The use case is additional revenue streams for appliance makers from selling surveillance derived data. Every smart tv is a revenue stream for the manufacturer. That's why you can't buy dumb tvs anymore.

Soon your coffee maker, your toothbrush, your car, your refrigerator, and everything else that plugs in or has a battery will be "smart" in the same way.

Here's the Vizio exec explaining why they would have to charge a premium for "dumb" tvs:

https://www.theverge.com/2019/1/7/18172397/airplay-2-homekit...

1 comments

That works works out for TVs because of a few specific things:

1. The consumer wants to hook their TV up to the internet to get content

2. TVs ads have a well established market of buyers who will pay for that data

3. TVs are expensive and consumers often buy primarily on price

By comparison, there is no market for the data from my coffee pot, and little to no incentive for a consumer to choose a model that collects data over one that doesn't.

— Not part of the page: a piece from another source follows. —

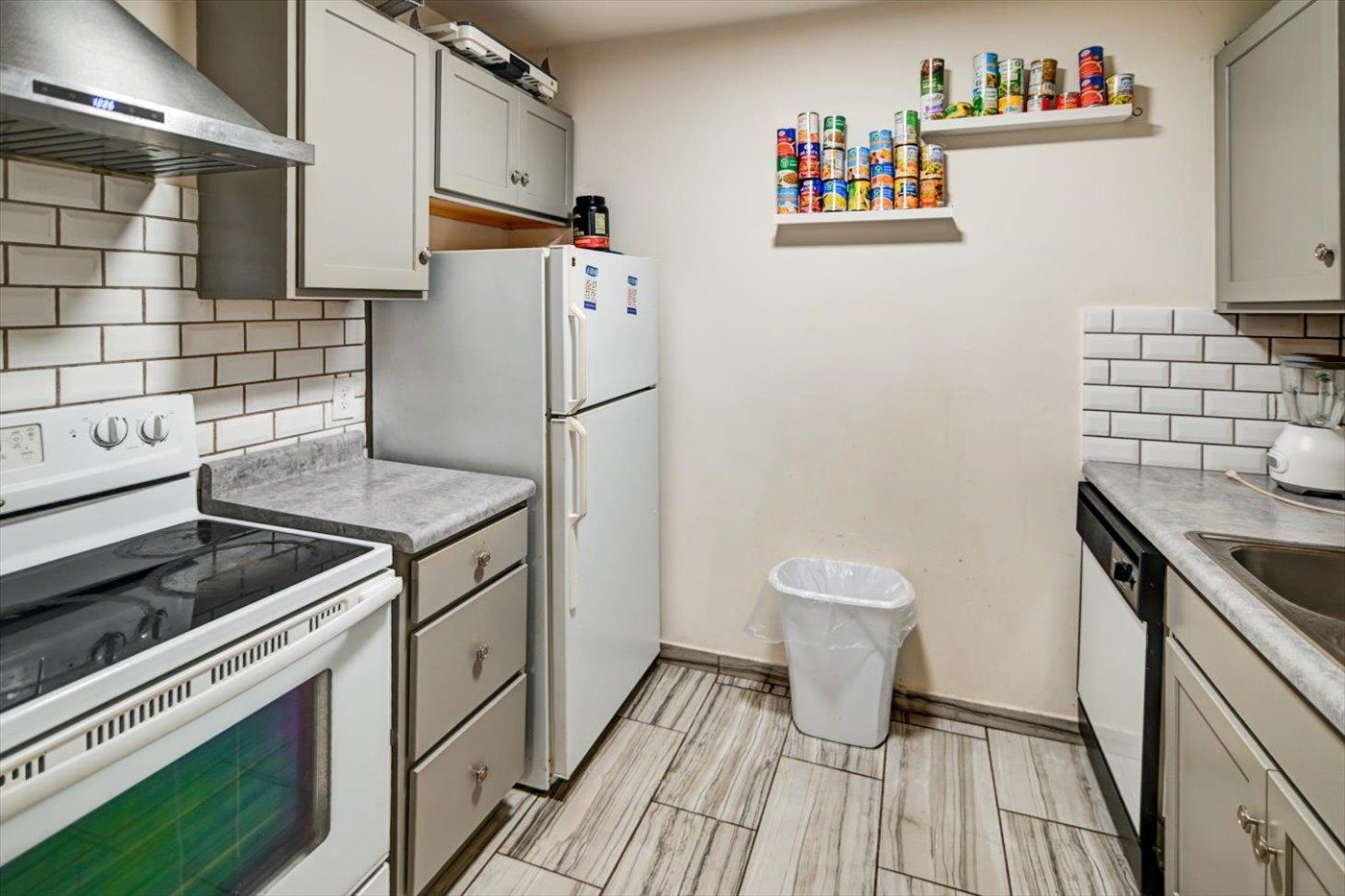 2829 Coho Street, Unit 6 Madison, WI 53713 - Photo 14 of 42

> 1. The consumer wants to hook their TV up to the internet to get content

As the cost of 5G iot chips fall it won't matter what the consumer wants.

> 2. TVs ads have a well established market of buyers who will pay for that data

The data collected from Smart TVs is much more than ads. They track and report everything you watch, including dvds and blurays, with media fingerprinting techniques.

> By comparison, there is no market for the data from my coffee pot

Oh but there will be. Soon some data scientist at your health insurer will notice that people who drink more than 3.5 cups of Folgers a day are 5% more likely to suffer heatstroke or whatever. Then they can adjust premiums and deny claims more effectively. Not allowed to use this information due to regulations? Apply parallel construction and use it to focus limited investigation resources.

I really hope you're right and this doesn't happen.

> As the cost of 5G iot chips fall it won't matter what the consumer wants.

If the consumer doesn't want that connectivity as a feature, you'll need to find a buyer for the data who is willing to subsidize >= 100% of the price of the additional hardware and service to have a viable product. Alternative data from other sources is probably still going to be a lot cheaper for most things... because a lot of competing data sources have way less overhead, approaching zero in some cases.

> The data collected from Smart TVs is much more than ads. They track and report everything you watch, including dvds and blurays, with media fingerprinting techniques.

I was referring to the purchasers of the data, not the subject of the data.

> Soon some data scientist at your health insurer will notice that people who drink more than 3.5 cups of Folgers a day are 5% more likely to suffer heatstroke or whatever. Then they can adjust premiums and deny claims more effectively.

If they wanted to do this, they could have done it any time over the past 20+ years ago by purchasing transaction data. But insurers have already found better ways to collect even better quality data: Just ask for it directly and offer a discount.